As others mentioned, the Moon has no deal with Earth's seasons, aside from estabilising its axis. But the impact that created the Moon - if this is what happened - or even the capture of a small-size planet, if we believe otherwise - could have had whatever consequences a fiction writer wants. So you could position the South Pole of your fictional Earth in Africa - or whatever continent it would result in its place from the Moon not being created/captured - and explain that away by stating that what put Antarctica in the South Pole was the creation/capture of the Moon. The same goes for the length of the day: while the existence of the Moon slows Earth's rotation very slowly, the acquision of the Moon might have brutally reduced the rotation speed in one coup - or, on the contrary, accelerated a tide-locked Earth.
(Note that a moonless Earth would be more different from actual Earth if the Moon was indeed created by an impact; it would be unlikely that in that case the outline of continents or oceans would be remotely similar.
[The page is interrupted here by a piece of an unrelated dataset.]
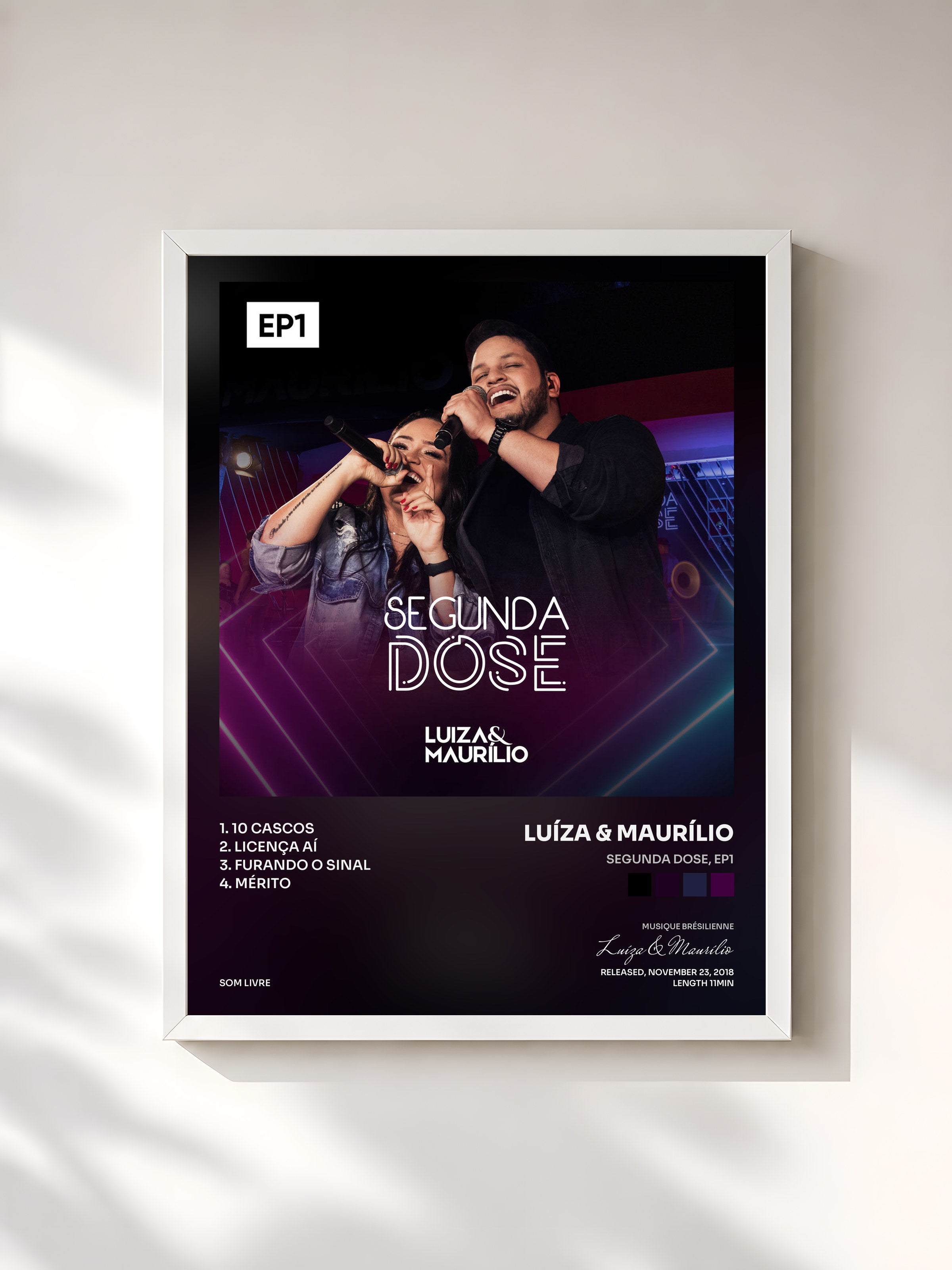 #blanc Tableau de l'album Segunda Dose, Ep1 de Luíza & Maurílio, cadre blanc, imprimé et encadré en France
If you don't want to rebuild our geography too much, it would be probably better to postulate that scientists are wrong, and the Moon was a neighbouring dwarf planet that got gravitationally captured into Earth's orbit.)
More importantly, though, the tidal effects of Moon affect all of Earth's liquid parts - most obviously the oceans, but also whatever liquid or semi-liquid parts of its mantle and core. This creates heath of itself - imagine the amount of attriction it generates - and also tends to stir the inner parts of our planet, making the decantation of heavier elements towards the core slower. In other words, a moonless Earth would quite probably have a bit less internal heath, resulting in reduced vulcanism, perhaps a deeper crust, even to the point that tectonic plates would weld into each others, and quite probably would have a crust less rich in iron and heavier than iron elements. And really heavy, radioactive elements would be even rarer, which would result in an even cooler interior, as part of the Earth's internal heath comes from radioactive decay inside it.
Nights would be darker. Would we have to adapt to this, too? And would other animals become more - or less - dangerous from the total absence of light at night, without a cycle of darker/lighter nights?
It would be interesting to see what impact the absence of the Moon would have upon human knowledge, supposing that your moonless Earth is inhabited by humans (but would it be, or, as Asimov suggests, reduced radioctivity would have slowed evolution too much?) Would realising Newton's laws be made more difficult without a close example of an orbit? Would time recording be too difficult for early men without a relatively easy-to-count 29 day cycle? Would we be able to realise the regularity of years/seasons without months and weeks to mediate/facilitate the calculus?
... and, of course, there's the pressing question of whether would there be such a thing as "romantic love" in a Moonless Earth.